BEGIN
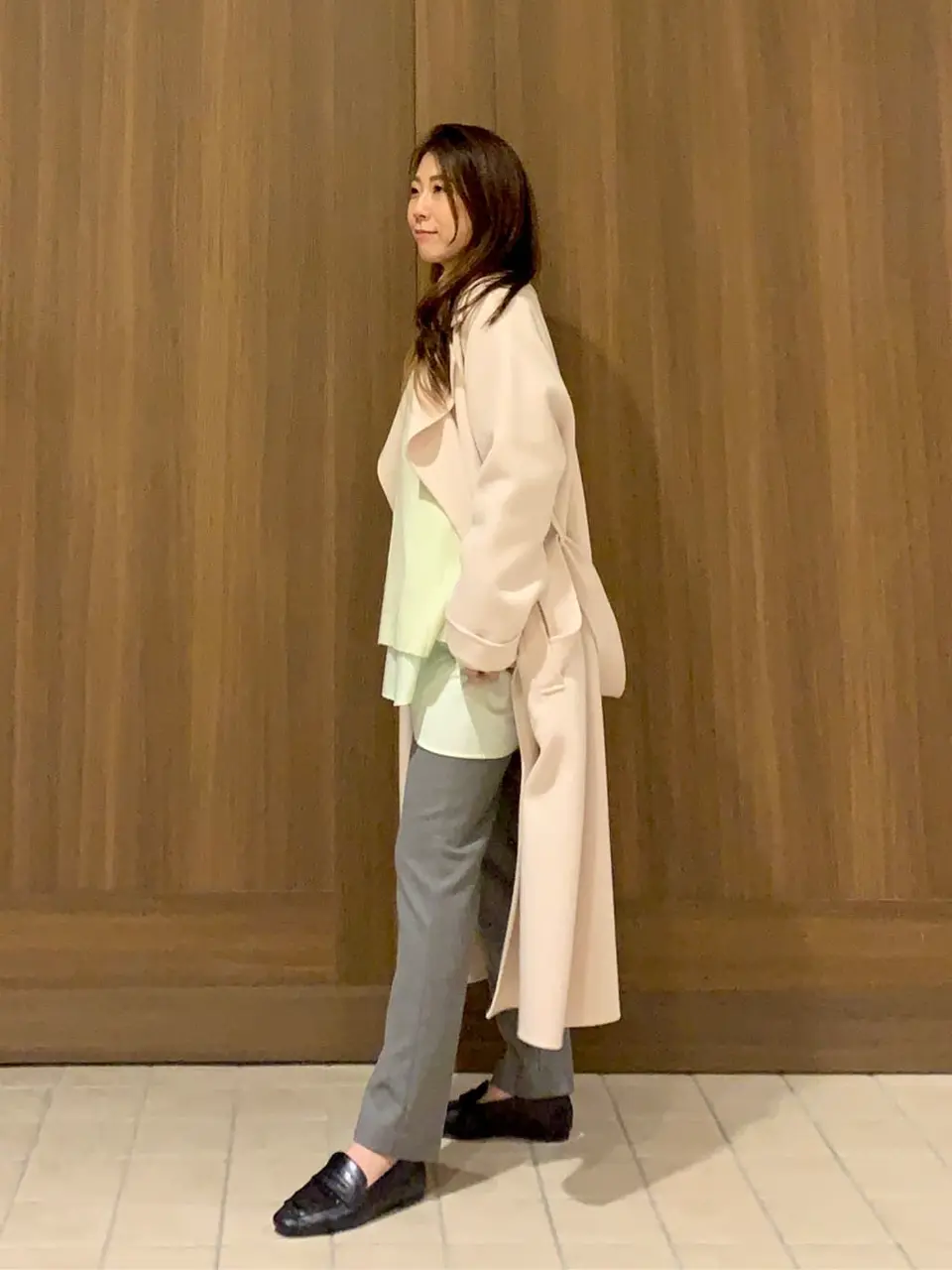 ICB 村田 コーディネート画像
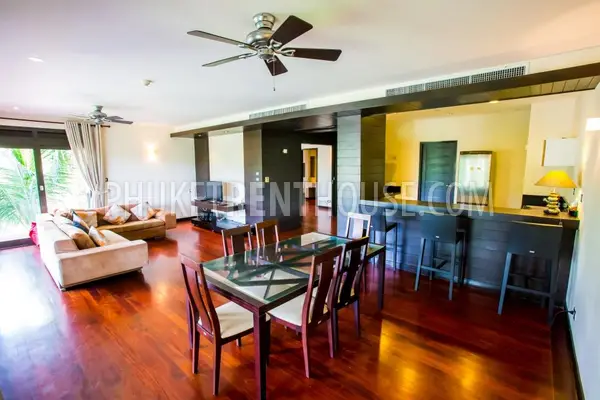 BAN19350: 3 Bedroom lovely Apartment - walking distance to Bangtao beach. 照片 #15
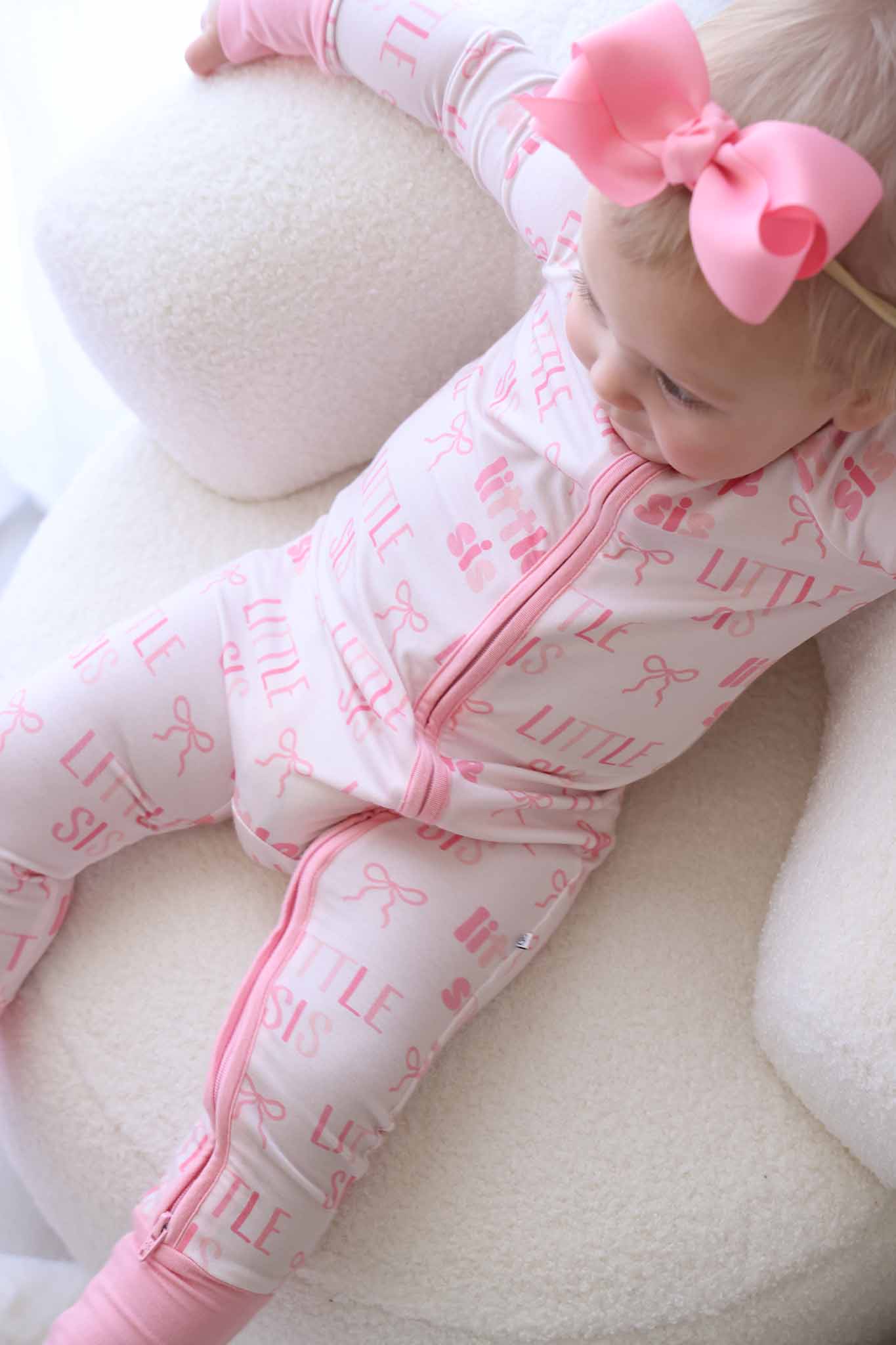 Little Sis Romper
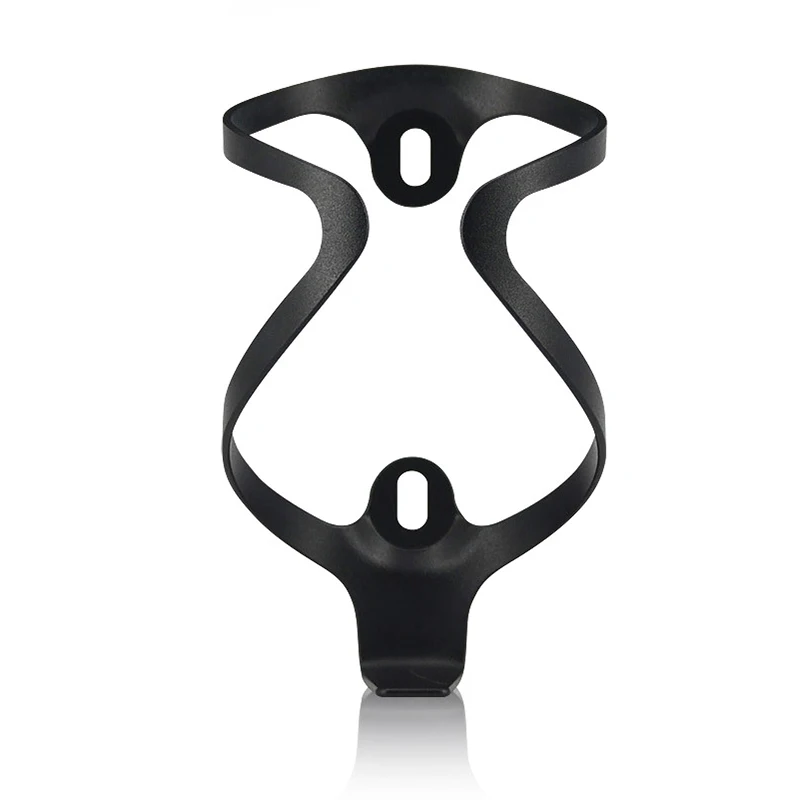 Cycling water cup holder sturdy aluminum alloy lightweight  suitable for road mountain bike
END
Quote the preceding listing precisely and completely, omitting its images.

(Solution to this exercise)
 ICB 村田 コーディネート画像
 BAN19350: 3 Bedroom lovely Apartment - walking distance to Bangtao beach. 照片 #15
 Little Sis Romper
 Cycling water cup holder sturdy aluminum alloy lightweight  suitable for road mountain bike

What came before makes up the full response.